A battle not without risks. In the early winter of 2002, taking to Manhattan streets is a tricky business. America’s still shaking off its September 11 hangover, and no one knows if the country still feels so fragile that the majority will feel threatened and enraged by public dissent; I suspect that the NYPD will have very little patience with anyone who smashes a Starbucks window, however laudable their motivations. The protest‘s organizers are well-aware that they’re flirting with catastrophe and insist they‘ve planned nothing that will disrespect the wounded streets of Manhattan.
Such assurances haven’t stopped the city‘s demented tabloids from revving up public anger.
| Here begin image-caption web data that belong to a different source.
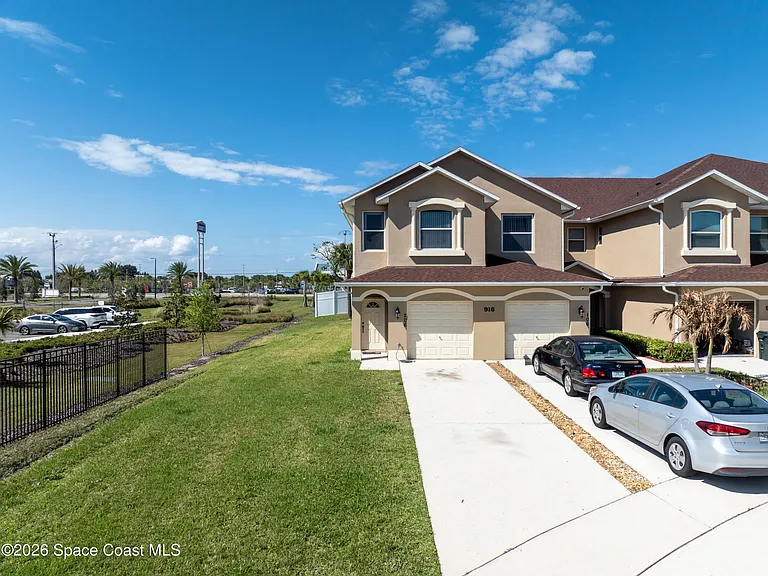 916 Ocaso Ln #206 — Photo 1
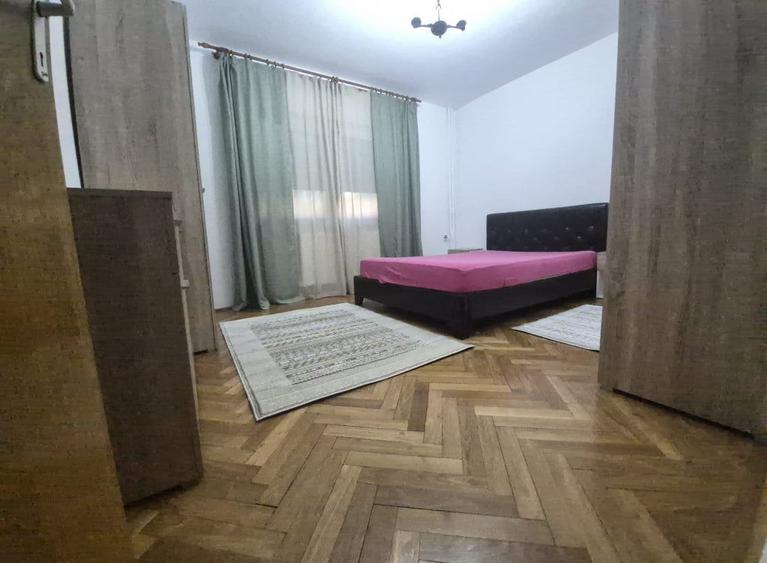 Apartament cu 2 camere decomandat în Drumul Sării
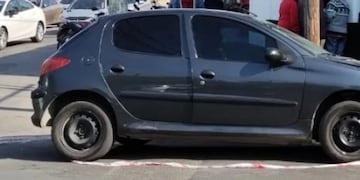 Los sujetos se dieron a la fuga y se tiraron de un auto en movimiento.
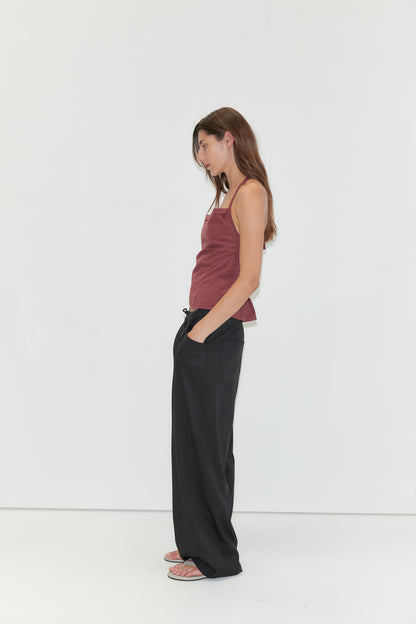 Tencel pant in black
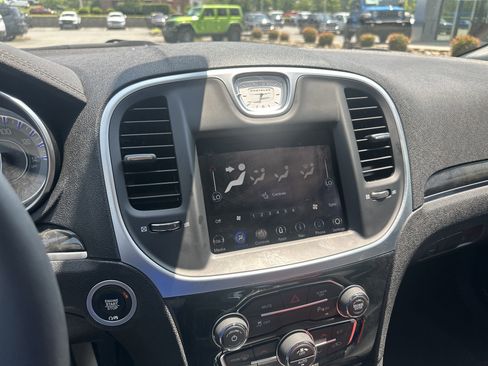 New 2023 Chrysler 300 Touring L w/ Popular Equipment Group image 33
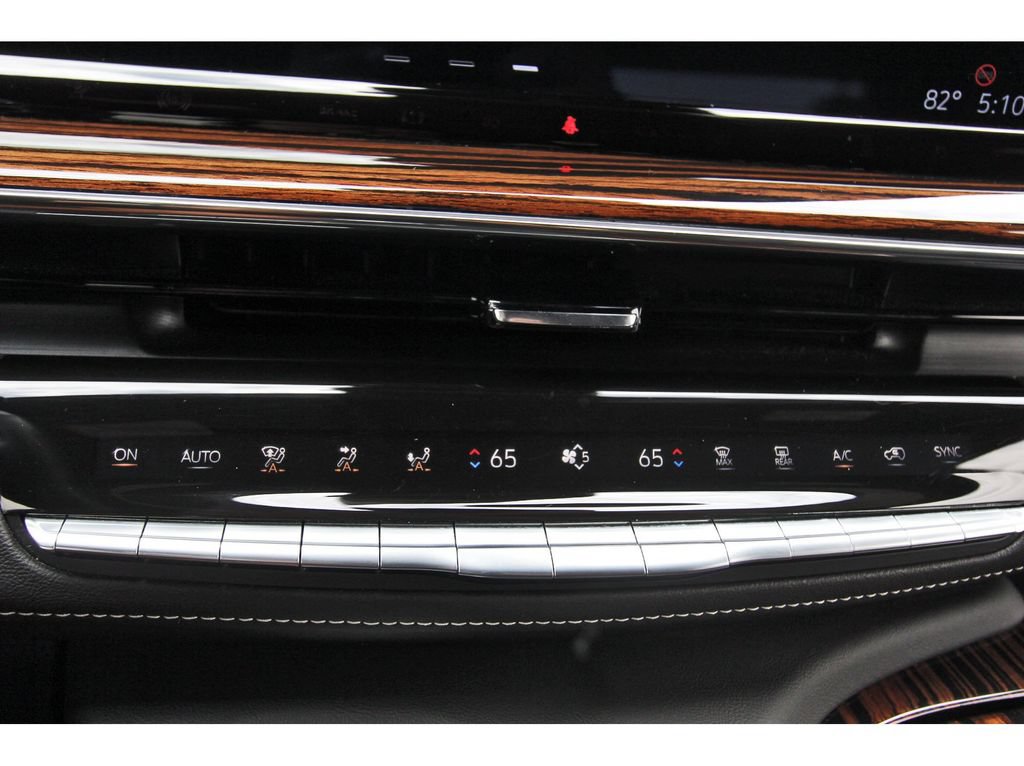 Used 2024 Cadillac Escalade ESV Luxury RWD image 24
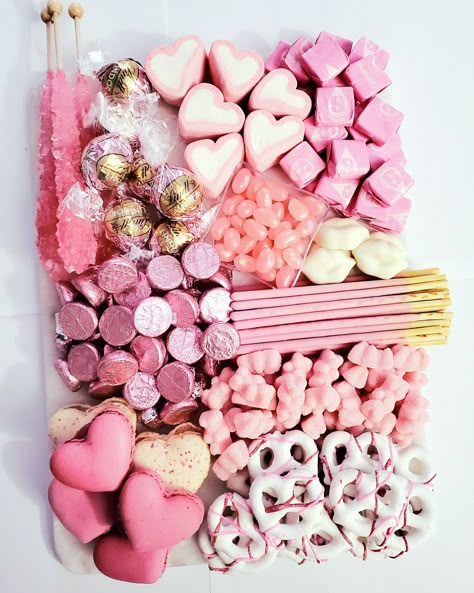 Baby pink candy board. Crystal rock sticks, lints chocolates, heart marshmallows, pocky sticks! Jelly belly, starburst, heart macaroons, white chocolate pretzels, hershy kisses, white chocolate lips, and watermelon gummie bears. Pink Candy Charcuterie Board, Pink Candy Board, Valentines Candy Board, Valentine’s Day Candy, Pink Candies, Valentines Day Candy, Valentines Candy, Pink Food Board, Pink Charcuterie Board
Long before the demonstrators ever arrived in New York, the Post’s mad-dingo columnist Steve Dunleavy was warning readers to expect ”a potentially scary scene, promised by little nasty twits.“ And the Daily News was shaking its fist: ”You have a right to free speech, but try to disrupt this town, and you‘ll get your anti-globalization butts kicked. Capish?“ For all its professed love of order, the right would relish a chance to demonize the protesters, and should a riot break out, no matter who caused it, America’s anti-globalization movement could be set back for years -- in the public mind, it will be associated with terror and anarchy.
Of course, there‘s no good reason why September 11 should provide the conservatives with ammunition. If anything, the terrorist attacks should have taught us what happens when rich nations keep telling poor ones simply to lie back and enjoy globalization (which is always better for us than for them). And in the figure of Osama bin Laden, we’ve all learned what genuine anti-Western radicalism really looks like: It flattens skyscrapers filled with civilians.